4.2 Required Evaluation Outputs

  1. Model comparison table showing RMSE, MAE, ATS record, Brier score, and correlation for each model across each test season.
  2. Calibration plot (Chapter 30, Section 30.4) showing predicted probability vs actual outcome frequency, with at least 10 bins.
  3. Profit simulation curve showing cumulative profit over time at three edge thresholds (0.5, 1.0, 2.0 points).
  4. SHAP summary plot for the XGBoost model showing the top 20 most important features.
  5. Season-by-season breakdown to identify whether performance is consistent or driven by one outlier season.

Phase 4 Checklist

  • [ ] Walk-forward backtest completed across 3+ out-of-sample seasons
  • [ ] No look-ahead bias in any feature or training step
  • [ ] All three model families evaluated on identical test sets
  • [ ] Brier score computed and compared to a naive baseline (market implied probability)
  • [ ] Profit simulation run with realistic -110 vig assumption
  • [ ] Calibration plots generated for all models
  • [ ] Results are statistically tested: is ATS record significantly above 52.4%? (Chapter 8)

Phase 5: Betting Strategy

Duration: Week 6

Relevant chapters: Chapter 4 (Bankroll Management), Chapter 12 (Line Shopping), Chapter 13 (Value Betting), Chapter 14 (Advanced Bankroll), Chapter 25 (Optimization)

5.1 Kelly-Based Bet Sizing

Implement fractional Kelly sizing as described in Chapter 4 and fully derived in Chapter 14. You must use fractional Kelly (quarter or half Kelly) to account for estimation uncertainty.

"""
phase5_betting_strategy.py
Kelly sizing, line shopping, and bet recommendation engine.
"""

import numpy as np
import pandas as pd
from typing import Dict, List, Tuple, Optional
from dataclasses import dataclass

@dataclass
class BetRecommendation:
    game_id: str
    season: int
    week: int
    home_team: str
    away_team: str
    bet_side: str         # "home_spread", "away_spread", "over", "under"
    model_edge: float     # in points (spread) or probability (moneyline)
    best_odds: int        # American odds at best available book
    best_book: str        # Which sportsbook has the best line
    kelly_fraction: float # Recommended bet size as fraction of bankroll
    bet_amount: float     # Dollar amount at current bankroll
    expected_value: float # Expected profit of the bet


def fractional_kelly(win_prob: float, american_odds: int,
                      kelly_fraction: float = 0.25) -> float:
    """
    Calculate fractional Kelly bet size (Chapter 4, Chapter 14).

    Full Kelly maximizes the geometric growth rate of bankroll but
    requires perfectly known probabilities.

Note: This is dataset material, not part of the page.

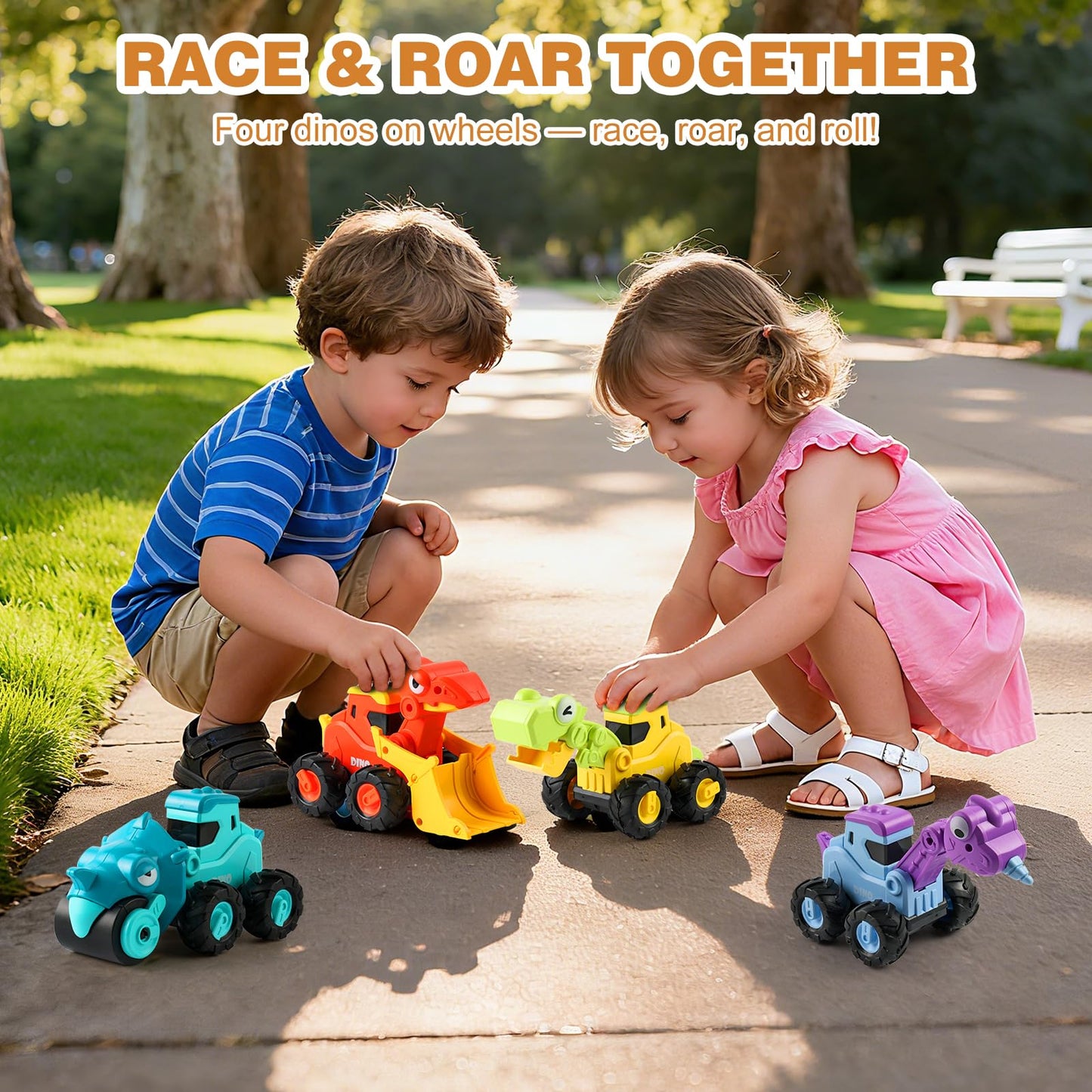 Dinosaur Push Cars for Toddlers 1-3 - 4 Pack Press & Go Dino Vehicles with T-Rex, Triceratops, Raptor & Brachiosaurus, Friction Powered Baby Car Toys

Since our probabilities
    are estimated (with error), we use fractional Kelly:

    Full Kelly: f* = (bp - q) / b
    where b = decimal payout ratio, p = win probability, q = 1 - p

    Fractional Kelly: f = kelly_fraction * f*

    Quarter Kelly (0.25) is recommended for sports betting because:
    1. It reduces the impact of probability estimation errors
    2. It reduces variance by ~75% while sacrificing only ~25% of growth rate
    3. It makes drawdowns more psychologically manageable (Chapter 36)
    """
    if american_odds > 0:
        decimal_odds = 1.0 + american_odds / 100.0
    else:
        decimal_odds = 1.0 + 100.0 / abs(american_odds)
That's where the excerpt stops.